• Work instructions: The records below must be written out exactly, with every picture left behind.

• Recorded information:
┌──
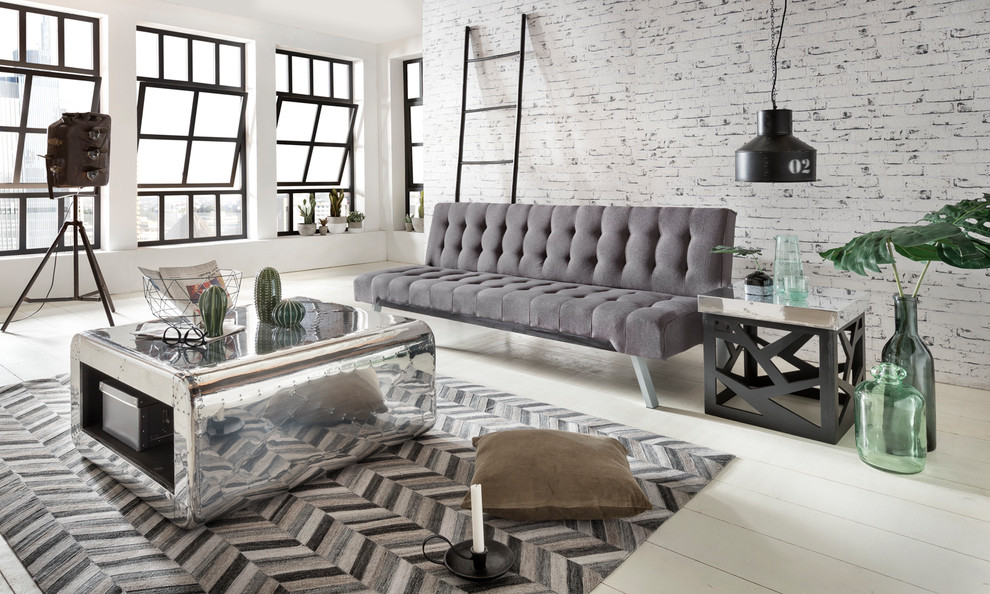 Mittelgroßes, Abgetrenntes Industrial Wohnzimmer ohne Kamin mit weißer Wandfarbe, hellem Holzboden und weißem Boden in Düsseldorf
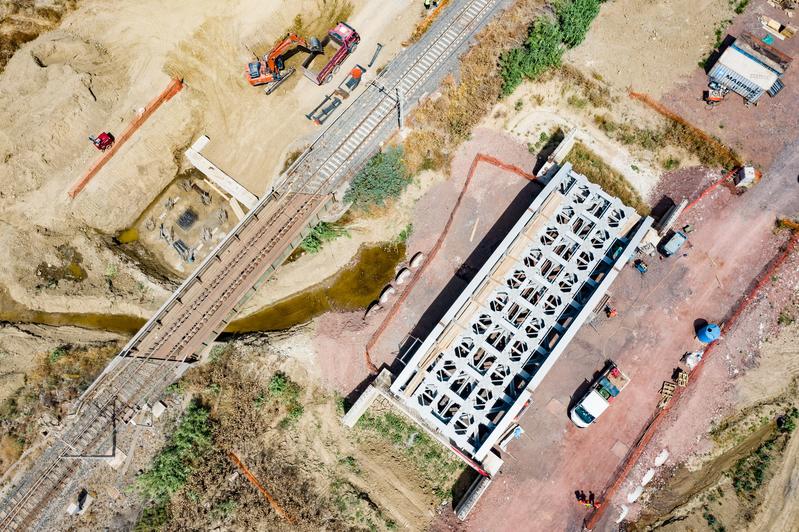 momapix_358856_pos_82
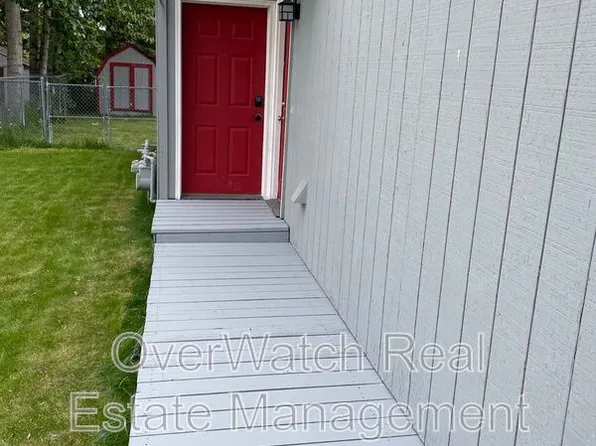 6131 Prosperity Dr, Anchorage, AK 99504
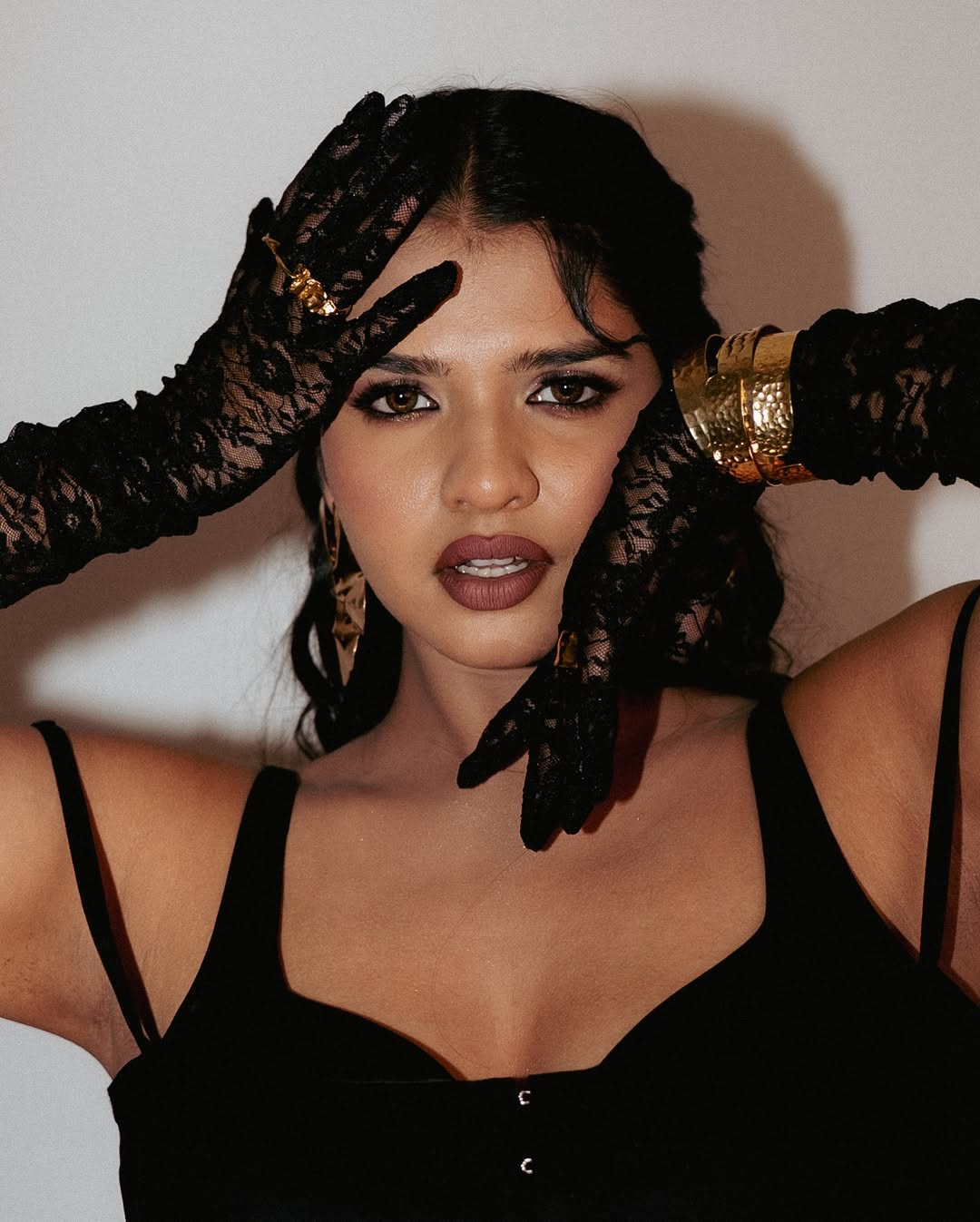 Tarini Shah nude 8
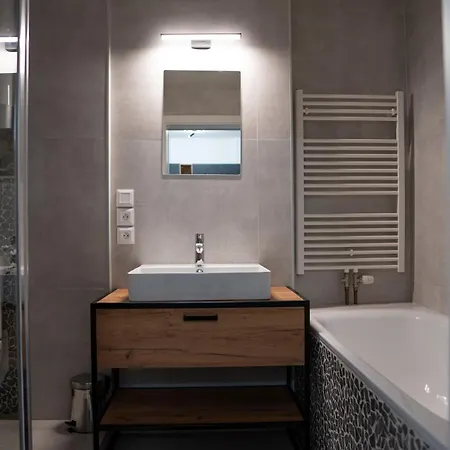 Modern 2br Gem In Center Lejlighed *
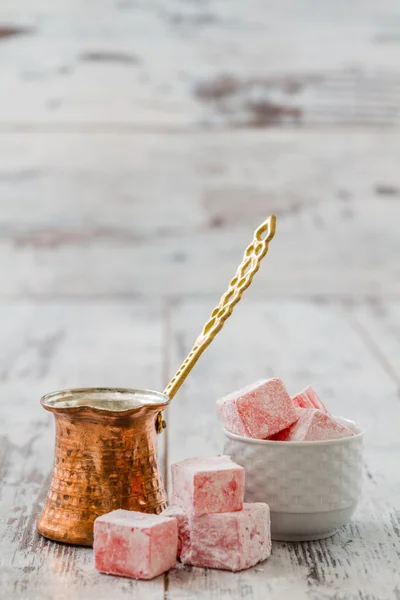 Türk lokumu ile Türk kahvesi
└──
• Answer box:
 Mittelgroßes, Abgetrenntes Industrial Wohnzimmer ohne Kamin mit weißer Wandfarbe, hellem Holzboden und weißem Boden in Düsseldorf
 momapix_358856_pos_82
 6131 Prosperity Dr, Anchorage, AK 99504
 Tarini Shah nude 8
 Modern 2br Gem In Center Lejlighed *
 Türk lokumu ile Türk kahvesi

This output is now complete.